# puppy kindergarten for small dog?



## patk (Jun 13, 2013)

i assume this is not like pre-school for kids, where you're expected to just leave them there and not be involved in supervision?

i would look at cooper's personality. bold and outgoing is fine; how resilient do you find him? he sounds well balanced psychologically. i'd go the first day and check out the class and how it's run. if it turns out to be something he really enjoys, i think you would want that for him. on the other hand, it's always possible to walk away entirely if your instinct says to do so. or leave before the run amok portion to keep him away from the bullies if there are any.


----------



## Tiny Poodles (Jun 20, 2013)

I always brought a mat and planted myself on the floor so that my girls had an easy to reach safe harbor when they needed it, but they were in classes for dogs 20 pounds and under.

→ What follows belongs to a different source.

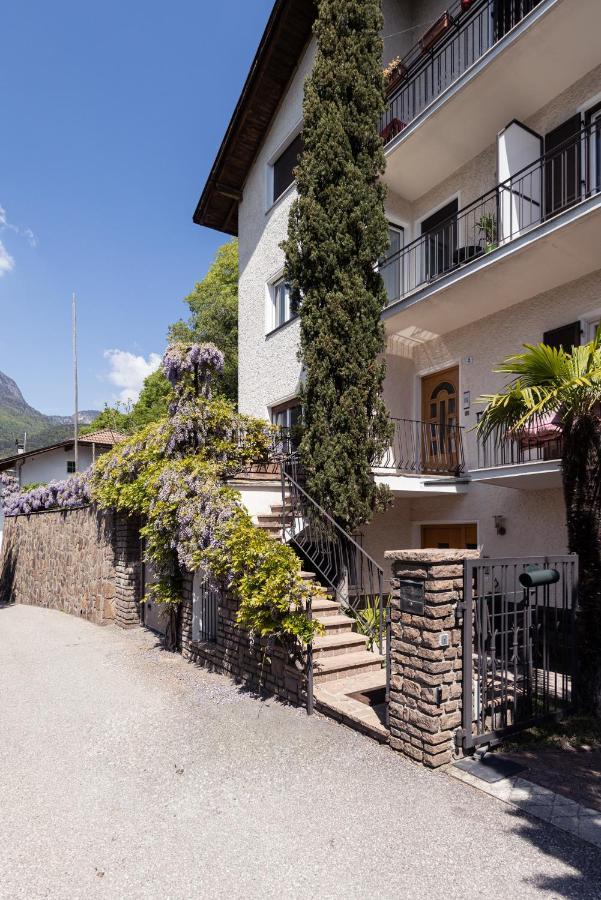 Haus Dorfblick Apartment Caldaro Luaran gambar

Sent from Petguide.com Free App


----------



## sjenius (Jan 13, 2014)

Is there a way to contact the trainer and see if they're going to separate into proper play groups? I don't like puppy classes where they just run amok in one big group with no intervention. I like the idea of just sitting on the floor and being a safe haven as well.

Maybe try to find a meet up of other small dog puppy owners on craigslist or meetup?


----------



## outwest (May 1, 2011)

I think I will attend the first class next week and see how it goes plus be ready to scoop him up if needed. I do have two big dogs in the house, so he does need to know how to interact with them. If I avoid anything really negative in these first few weeks at home it would be ideal.


----------



## fjm (Jun 4, 2010)

I would take him for the controlled part, and sit out the free-for-all, unless he really, really wants to join in. That way you get the benefits of being around other dogs and people, but more control over the potentially rough play. I prefer play sessions where pups are matched for play style (even a small terrier puppy was too rambunctious for Poppy, while gentler pups were fun regardless of size), or with adults who have learned to self-handicap.


----------



## plr (Oct 20, 2012)

I took Remy to puppy social hours and a puppy class. The social hours were great when other small dogs attended. They would separate the small and large puppies. In the puppy class, Remy was the smallest puppy there. The last 15 minutes were socialization. There was a golden puppy in the class that Remy just didn't like for some reason. We spent 5-10 minutes of the social time at the end of the class with Remy sitting on a table watching the activity and then we'd leave before everyone else. There were some times when Remy played with some of the larger puppies at a puppy social. He would run to me and get between my legs when he wanted to get out of the action. He also tended to run faster than the other pups.


----------



## lily cd re (Jul 23, 2012)

I would go to the class and as you say be prepared to sit out the free play part or remove him from it if it gets over the top. If the person running the class is really good, they will be reading all of the puppies attitudes well and will call time outs for everybody to regroup. I am glad you have found a puppy class that will take younger puppies. If you are familiar with Ian Dunbar's Sirius Puppy Training, you will agree about the incredible value gained from early socialization. Good luck.


----------



## outwest (May 1, 2011)

Went to the class this morning. It was good except for the run amok part. There were a couple of large, exhuberant puppies that overwhelmed several of the others. There was fear peeing, yips, etcetera. Cooper wanted to say hello to all the people, but was totally overwhelmed by boisterous puppies. He seems very people oriented compared to the others and much less dog oriented. Luckily, I could pay for one class and not the whole series.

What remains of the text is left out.